-- Opening Marker --

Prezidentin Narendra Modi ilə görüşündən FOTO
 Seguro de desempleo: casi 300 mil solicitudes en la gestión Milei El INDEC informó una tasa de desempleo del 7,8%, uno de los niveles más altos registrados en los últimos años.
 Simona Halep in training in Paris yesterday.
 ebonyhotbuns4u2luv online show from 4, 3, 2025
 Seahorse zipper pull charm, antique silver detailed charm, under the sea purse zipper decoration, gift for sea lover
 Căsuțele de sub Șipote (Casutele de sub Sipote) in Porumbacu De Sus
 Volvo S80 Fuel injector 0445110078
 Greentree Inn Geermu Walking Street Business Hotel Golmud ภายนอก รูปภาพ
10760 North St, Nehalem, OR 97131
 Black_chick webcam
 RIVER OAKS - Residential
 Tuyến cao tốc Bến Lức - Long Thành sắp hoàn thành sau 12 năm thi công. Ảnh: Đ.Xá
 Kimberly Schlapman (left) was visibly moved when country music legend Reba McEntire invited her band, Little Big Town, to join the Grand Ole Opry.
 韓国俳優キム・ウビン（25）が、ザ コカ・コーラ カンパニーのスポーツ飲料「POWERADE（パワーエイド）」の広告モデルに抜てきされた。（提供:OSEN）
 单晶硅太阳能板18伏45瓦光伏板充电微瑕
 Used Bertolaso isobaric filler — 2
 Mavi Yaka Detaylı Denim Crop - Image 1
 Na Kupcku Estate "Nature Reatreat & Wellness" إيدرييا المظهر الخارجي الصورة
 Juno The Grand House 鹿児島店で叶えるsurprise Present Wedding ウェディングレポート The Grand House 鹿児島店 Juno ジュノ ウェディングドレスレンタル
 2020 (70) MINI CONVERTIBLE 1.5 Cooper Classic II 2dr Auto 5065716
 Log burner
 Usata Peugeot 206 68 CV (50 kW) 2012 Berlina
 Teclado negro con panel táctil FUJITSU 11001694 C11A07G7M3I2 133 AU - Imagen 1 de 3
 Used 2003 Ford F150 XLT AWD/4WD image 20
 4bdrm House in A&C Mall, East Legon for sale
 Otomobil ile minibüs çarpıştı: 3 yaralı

-- Closing Marker --

→ Required action: Copy range, inclusive: the line holding "Volvo S80 Fuel injector 0445110078" to the line holding "Kimberly Schlapman (left)". Reproduce exactly those lines of the records above and no others.

→ Result:
 Volvo S80 Fuel injector 0445110078
 Greentree Inn Geermu Walking Street Business Hotel Golmud ภายนอก รูปภาพ
10760 North St, Nehalem, OR 97131
 Black_chick webcam
 RIVER OAKS - Residential
 Tuyến cao tốc Bến Lức - Long Thành sắp hoàn thành sau 12 năm thi công. Ảnh: Đ.Xá
 Kimberly Schlapman (left) was visibly moved when country music legend Reba McEntire invited her band, Little Big Town, to join the Grand Ole Opry.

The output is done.